▶ The problem: Give all of the data below again exactly, and drop the images.
#####
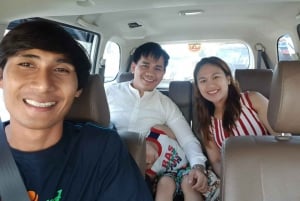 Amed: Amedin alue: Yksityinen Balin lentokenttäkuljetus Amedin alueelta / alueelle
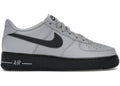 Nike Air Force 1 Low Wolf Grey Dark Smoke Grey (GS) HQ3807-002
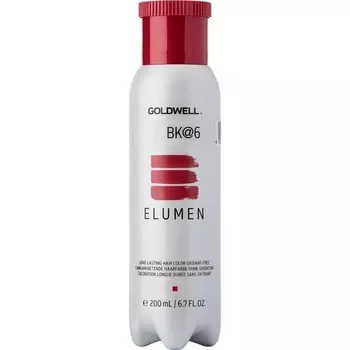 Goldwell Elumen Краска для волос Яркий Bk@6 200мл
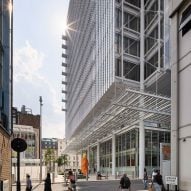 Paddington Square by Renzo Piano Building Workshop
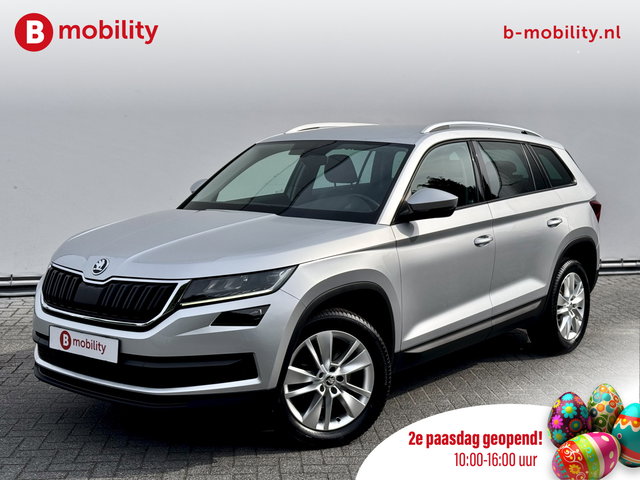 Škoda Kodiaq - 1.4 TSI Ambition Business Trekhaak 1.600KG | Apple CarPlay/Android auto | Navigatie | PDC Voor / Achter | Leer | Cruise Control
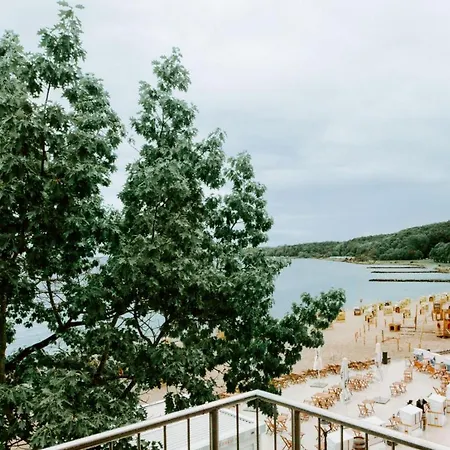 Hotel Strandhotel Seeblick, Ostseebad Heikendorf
#####
▶ Answer box:
 Amed: Amedin alue: Yksityinen Balin lentokenttäkuljetus Amedin alueelta / alueelle
 Nike Air Force 1 Low Wolf Grey Dark Smoke Grey (GS) HQ3807-002
 Goldwell Elumen Краска для волос Яркий Bk@6 200мл
 Paddington Square by Renzo Piano Building Workshop
 Škoda Kodiaq - 1.4 TSI Ambition Business Trekhaak 1.600KG | Apple CarPlay/Android auto | Navigatie | PDC Voor / Achter | Leer | Cruise Control
 Hotel Strandhotel Seeblick, Ostseebad Heikendorf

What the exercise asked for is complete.